Page:Revue des Deux Mondes - 1920 - tome 57.djvu/526

Le texte de cette page a été corrigé et est conforme au fac-similé.
524
revue des deux mondes.

L’offensive d’avril sur la Lys aurait dû commencer à lui montrer la difficulté d’obtenir de grands résultats sans le bénéfice de la surprise et la nécessité de varier ses procédés d’attaque. Le 27 mai lui procure par la surprise des avantages qui dépassent toutes ses espérances ; il en profite aveuglément et s’avance jusqu’à la Marne avant d’avoir fait tomber les deux piliers qui s’opposent à l’élargissement de sa percée : des troupes très manœuvrières auraient peut-être pu profiter de cette témérité et déborder les résistances latérales, mais il ne les a plus. En outre, pendant la troisième phase de cette action, l’attaque sur Compiègne est bien vite arrêtée, et la contre-attaque du 11 juin aurait dû lui ouvrir les yeux sur le danger de présenter à son ennemi des flancs qui restent forcément très vulnérables.

Le 15 juillet, il ne varie en rien ses procédés d’attaque ; il n’a pas prévu la défense élastique que l’armée Gouraud lui oppose et qui le déconcerte complètement. Son passage de la Marne représente une manœuvre très hardie, qu’il exécute adroitement ; mais, faute d’avoir prévu la résistance à l’est de Reims, il doit s’arrêter avant l’encerclement de la ville. Dès le 17, l’échec est avoué, enregistré ; l’offensive est arrêtée.
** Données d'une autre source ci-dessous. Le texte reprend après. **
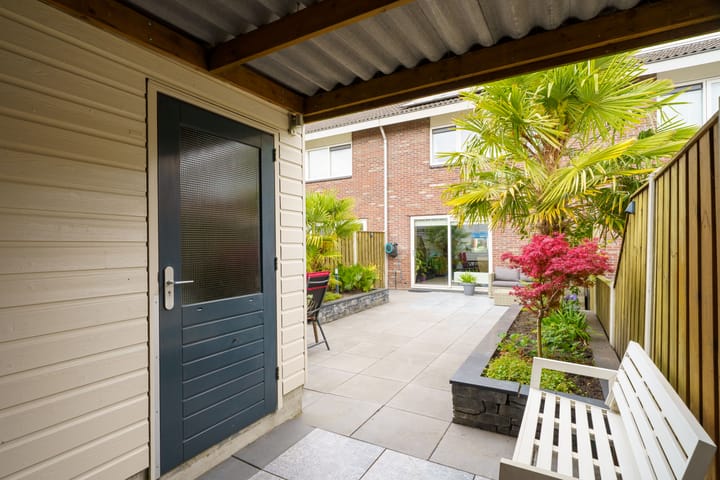 Foto 31 van Max Ernststraat 64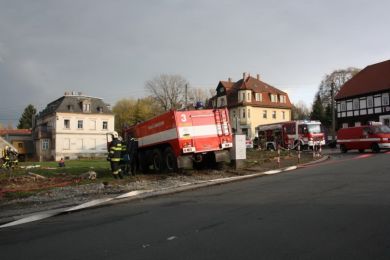 Einsatzuebung 15-04-2011 Bild 35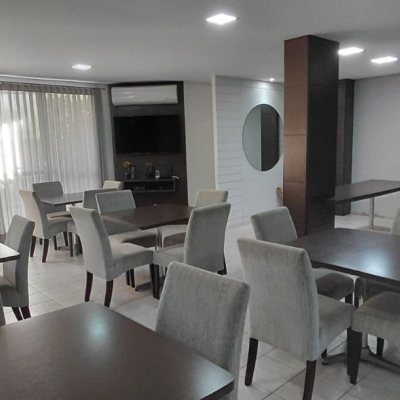 Apartamentos com 115m², 3 quartos (sendo 1 suíte), 2 garagens, no bairro Agronômica em Florianópolis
Alors s’élance l’offensive française du 18 juillet, et le voici ramené de la Marne à la Vesle, avec des pertes qu’il considère comme irréparables, puisqu’il se résigne à dissoudre dix divisions. Il doit renoncer à l’attaque qu’il préparait dans les Flandres et dès lors abdiquer l’initiative des opérations. Le maréchal Foch s’en saisit au même instant et le 24 juillet, avant même que l’attaque du 18 ait obtenu tous ses résultats, il donne ses ordres pour quatre autres attaques.

Elles partent les 8 et 20 août, les 12 et 26 septembre, et l’offensive se poursuit ensuite sur un rythme de plus en plus accéléré, jusqu’à l’assaut général et concentrique qui amène le résultat final.

Ludendorff affirme dans ses Souvenirs qu’il comprit le 8 août seulement la nécessité de terminer la guerre, sentant que le moral des armées allemandes avait déplorablement baissé et que la pénurie de leurs effectifs lui interdisait d’envisager des opérations de grande envergure. « Le 8 août est le jour de deuil de l’armée allemande dans l’histoire de cette guerre… Le 20 août était aussi un jour de deuil ! » Il offrit sa démission au Kaiser, qui la refusa.